May 2022 marks a major milestone in the EU’s transition from the In Vitro Diagnostic Directive (IVDD) to the new In Vitro Diagnostic Regulation (IVDR). The new regulations are designed to make all IVD products and devices safer and more reliable, while ensuring the entire supply chain is completely transparent. IVDR will incorporate major technological advances in areas such as next generation sequencing (NGS), point of care diagnostics and personalised medicine, improving the standards of quality to help ensure approved products are safe and stay compliant through a post-marketing surveillance system.
This on-demand webinar brings three leaders in the field together to discuss the new regulations, responsibilities across the whole supply chain, documentation, the notified body application process and key timelines. It highlighted the challenges of the process but also how success can be achieved with strong relationships and co-operation between stakeholders.
This on-demand webinar discussion brings together leading experts to:
- explain the new rules and responsibilities, the notified body application process, and key dates;
- highlight current IVDR challenges and bottlenecks facing the industry, and suggest how to mitigate them;
- draw on experience gained from successful certification applications to give you valuable insights and help you provide your customers with IVDR compliant products following the May 2022 deadline.
Meet our speakers:
Günter Weisshaar, Senior Vice President, Global Head Q&R & Oper.
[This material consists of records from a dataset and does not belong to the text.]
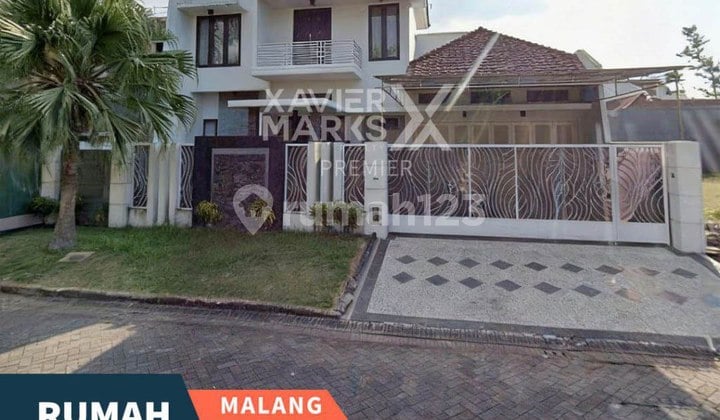 Disewakan Rumah Modern Mewah Semi Furnish di Araya Golf Malang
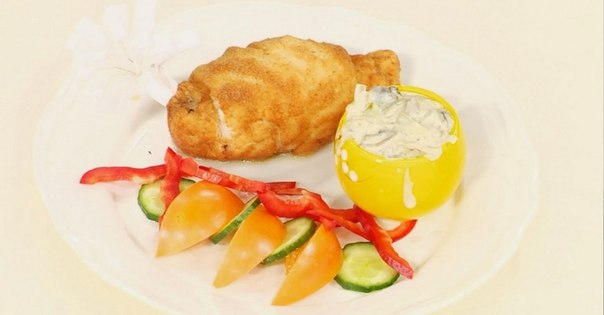 Котлета по-киевски с жюльеном и овощами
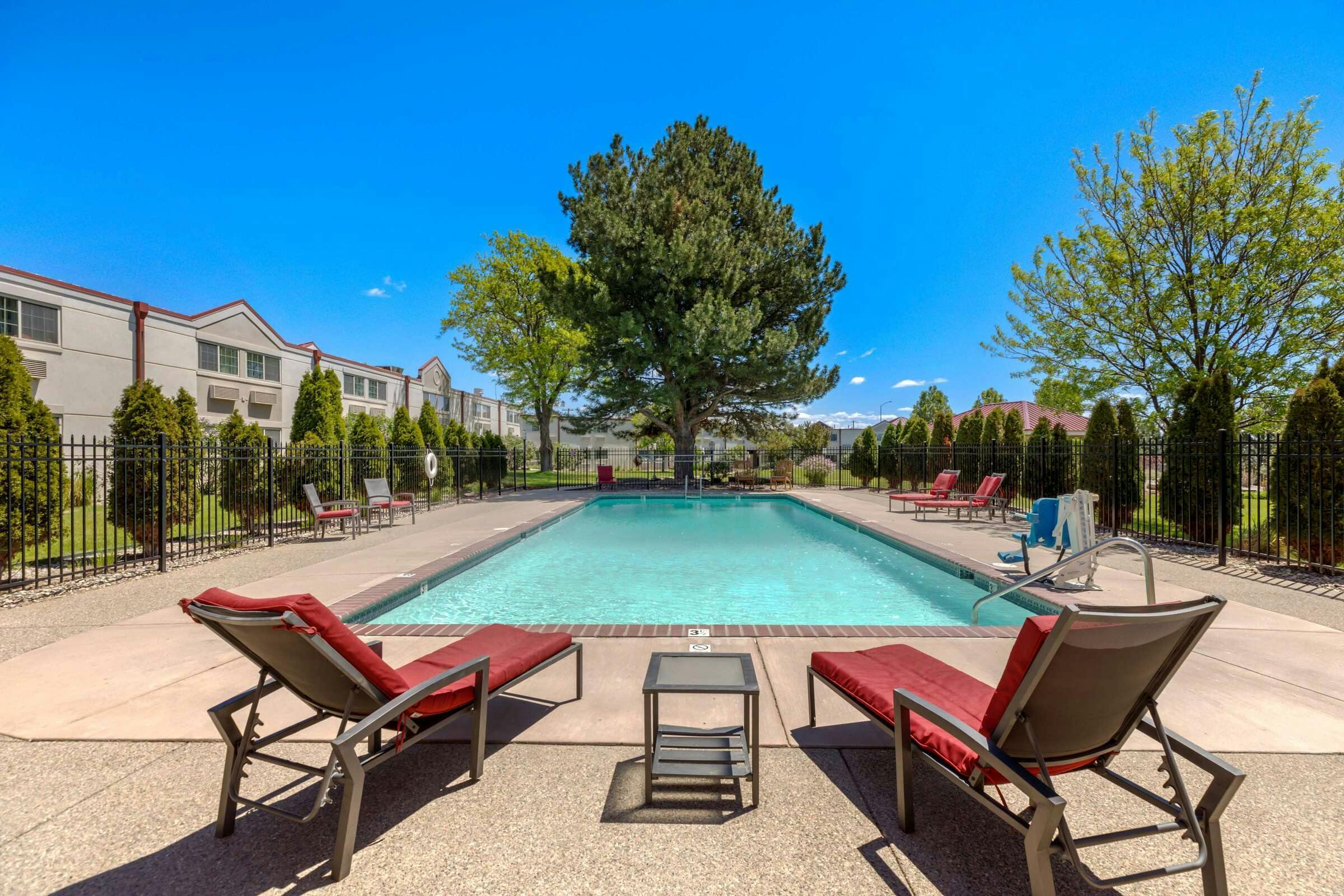 Hotel Best Western Plus Crossroads Inn & Conference Center photo 4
Excellence, Tecan
Günter joined Tecan in 2003 as Senior Vice President, Head of Quality Assurance and Regulatory Affairs.
He has more than 35 years of experience in the in vitro diagnostics and medical device industry. Together with his team and Tecan’s customers, he ensures successful strategies for commercialisation of products worldwide. Günter is an expert for implementation and certification of quality management systems in medtech and IVD companies (ISO 9001-2015, ISO 13485-2016, QSR 21 CFR 820, IVDR) and a certified enterprise risk manager according to ISO 31000 and ONR 49003.
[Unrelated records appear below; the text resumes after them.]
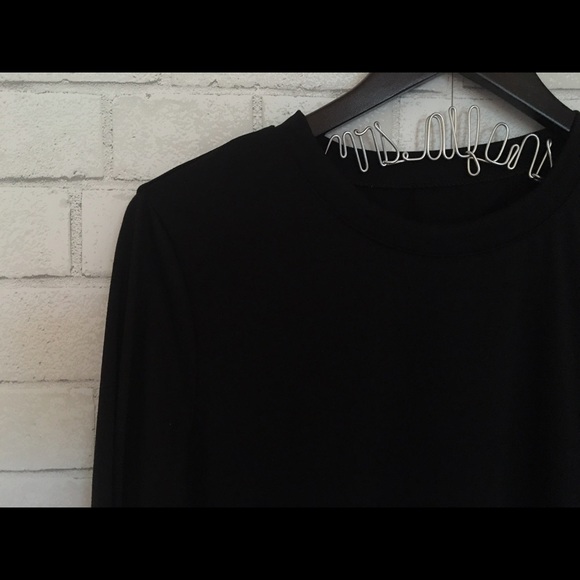 20% Off LAST One Black Longsleeve Crochet Lace Hem - Picture 3 of 4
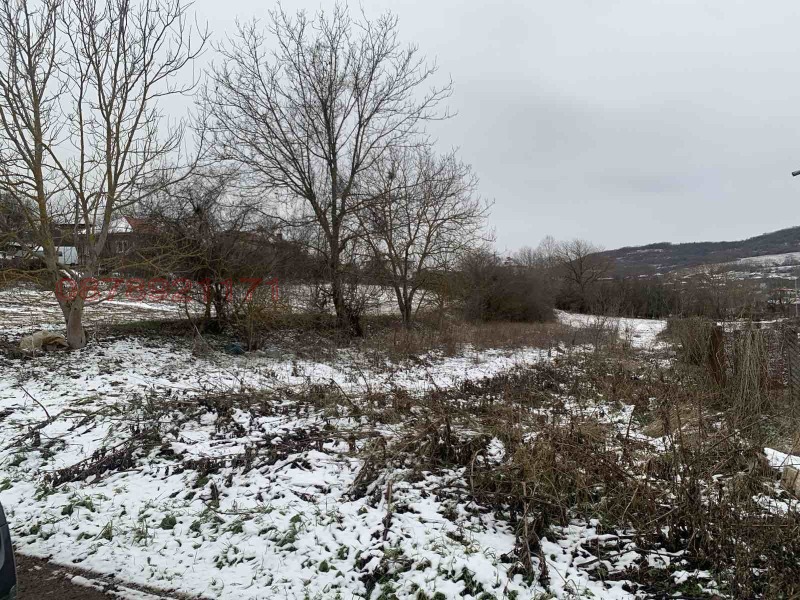 Продава ПАРЦЕЛ, с. Хлевене, област Ловеч, снимка 3 - Парцели - 53093115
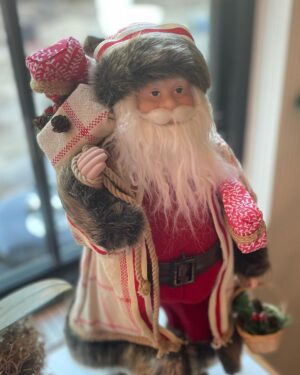 Mo Collins Instagram - Easy to be Merry, and get into the spirit of the Holidays with our beautiful friends at Karen and Carl’s. Tree is DECORATED!!! I hope you find time to soak in some goodness with friends and family over the next couple months. ❤️ #treedecorating #friends #holidayparty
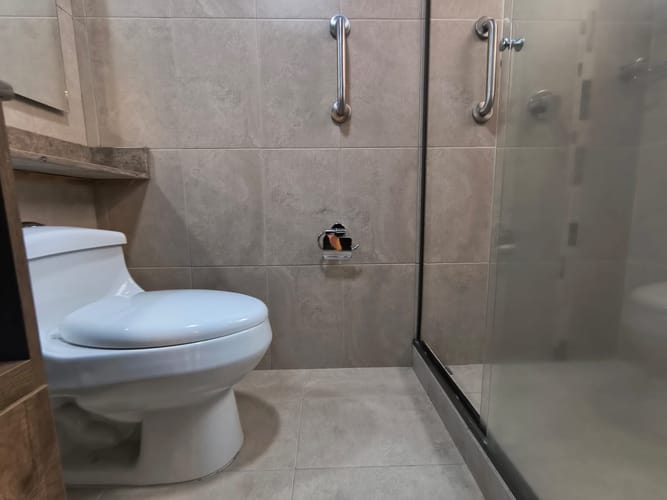 Apartamento de 4 alcobas en arriendo en El Poblado, Medellín, 125 m² · foto 12 de 17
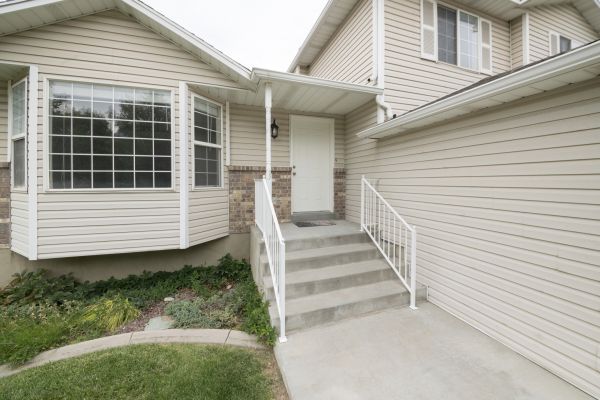 White Vinyl Siding Replacement in Sequim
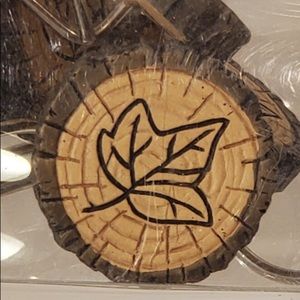 INTER-DESIGN Rustic Leaf Shower Curtain Hooks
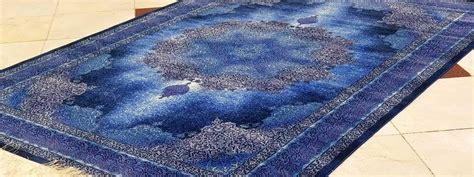 Blue Persian Rug: The 3 Main Color Tones Of Persian Blue Color In ...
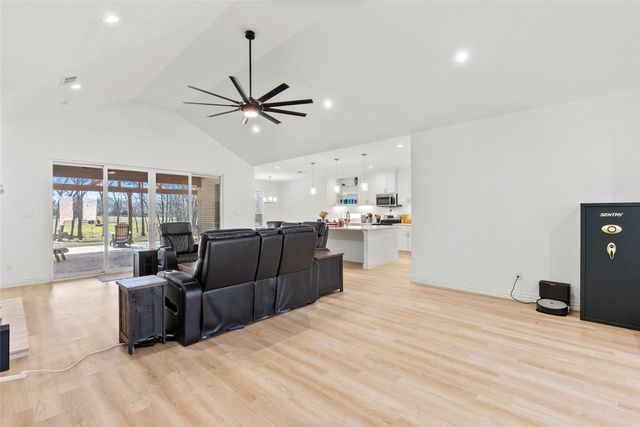 3557 County Road 4110, Campbell, TX 75422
Günter is also a member of the Regulatory Affairs Committee at EDMA (European Diagnostic Manufacturers Association).
Dr Heike Möhlig-Zuttermeister, Technical Team Manager – IVD, Medical Devices Certification, BSI
Heike has been leading global teams with BSI for seven years.
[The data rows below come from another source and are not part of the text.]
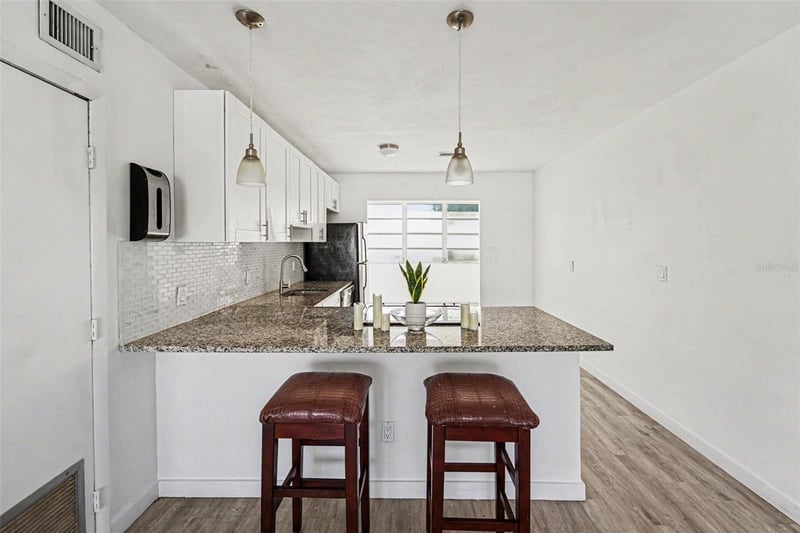 4061 55th Way #1042, Kenneth City, FL 33709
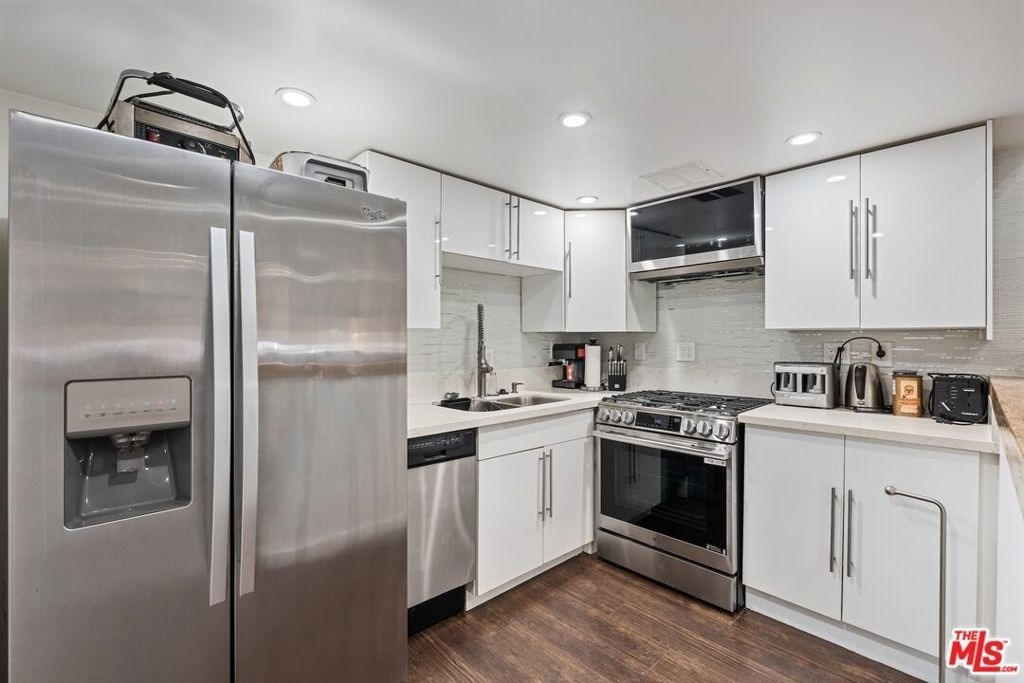 6438 W 87th Place - Photo 4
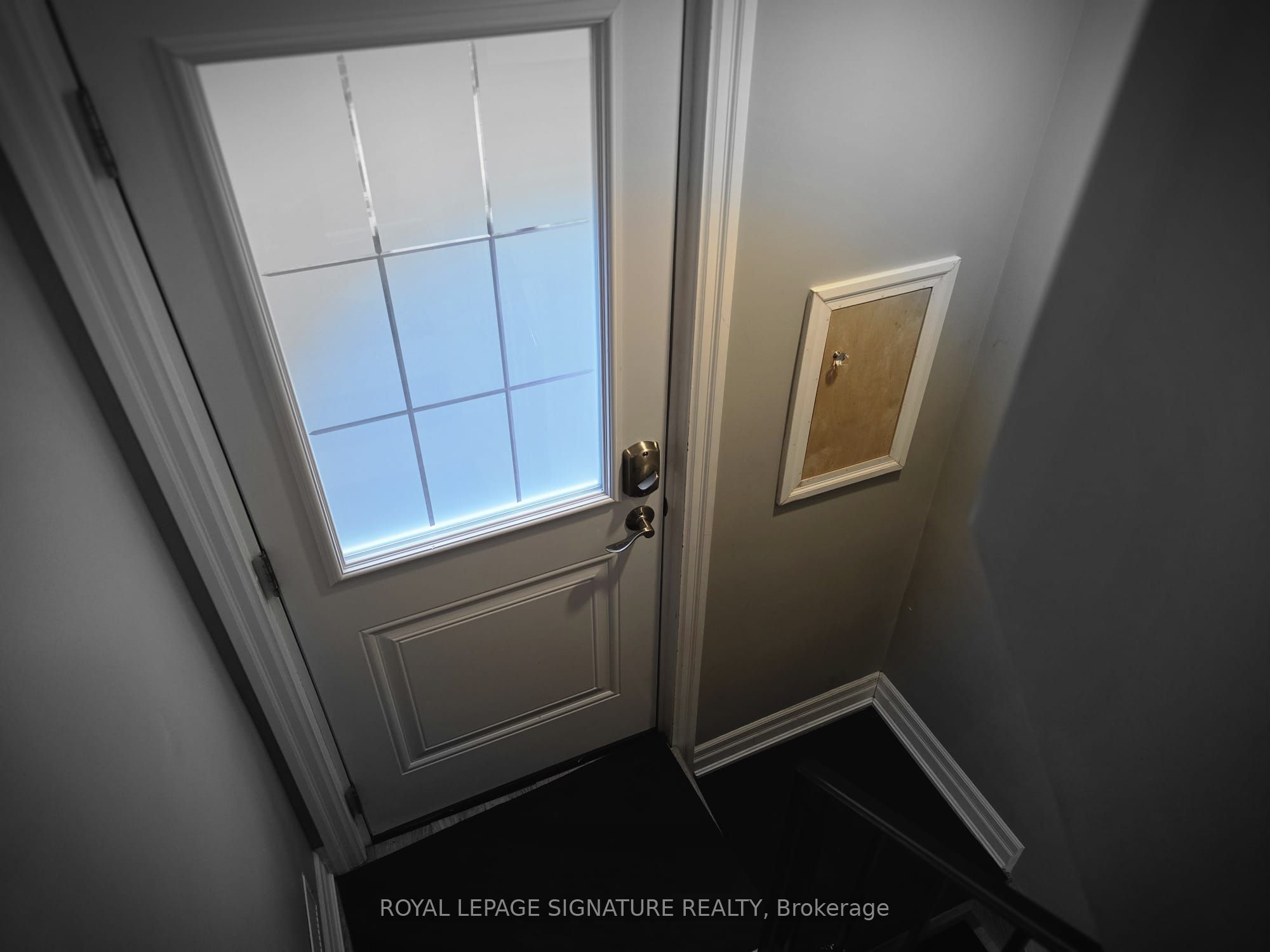141 Phillip Avenue Lower, Toronto, ON M1N 3R6 photo 2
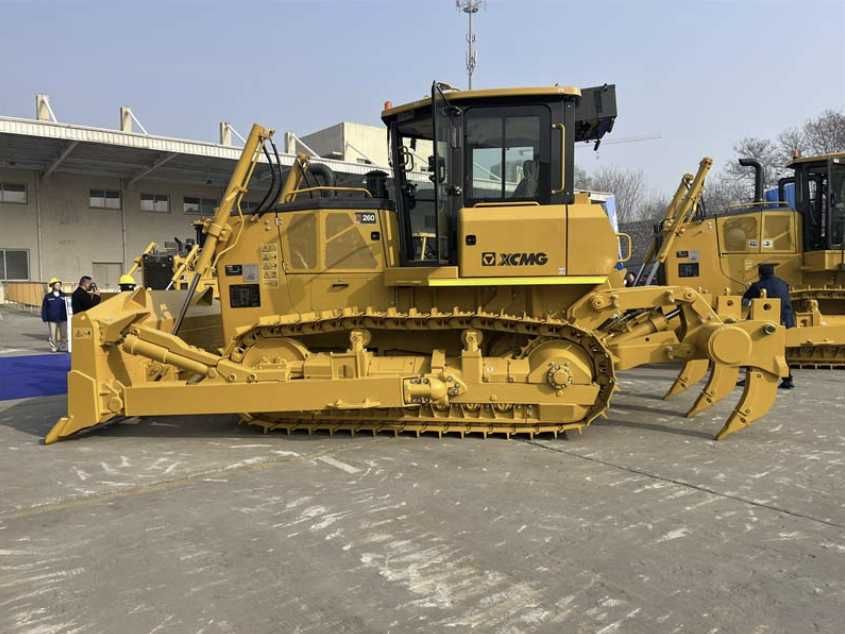 Бульдозер UZXCMG D 260 Объем отвала 5,8 м3 Управления Джойстик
She combines a wealth of scientific knowledge with over 10 years’ experience in QA and RA, playing a pivotal role in leading multiple high performance teams. She is an established IVD expert and one of the final decision makers for new certifications, positioning her perfectly to oversee the transition from IVDD to IVDR.
Heike was involved in issuing the first IVDR certificates and is a key representative for the European Union Reference Laboratories.
Dr Petra Kaars-Wiele, Independent Consultant
Petra graduated from the University of Goettingen in Germany with a Diploma in 1980 and with a PhD in 1983. She joined Abbott Laboratories in 1983.
Petra has more than 35 years of experience in regulatory affairs and quality systems for medical devices. She was responsible for all international regulatory matters, medical event reporting, risk management, managing translation for 29 languages and labelling activities at Abbott Diagnostics Division. She has experience in building a Quality Management System (QMS) according 9001 and 13485 and passed lead auditor training in 1997. Since then, she has used that knowledge in training, setting up a QMS or consulting in the field internally and externally.
Petra retired from Abbott in April 2019, after almost 36 years of service, and is now working as an independent consultant.
Her other activities include:
- Advisor to AHWP Technical Committee
- Chairwoman of the EDMA Globalization Working Party dealing with new and revised worldwide regulations
- Member of the EDMA Regulatory Committee and Technical Forum
- Past Member of the GHTF SG1, IVD Subgroup representing EDMA, from 2003 until 2012
- Trainer activities for EU Commission, AHWP, ASEAN, APEC and USAID and WHO.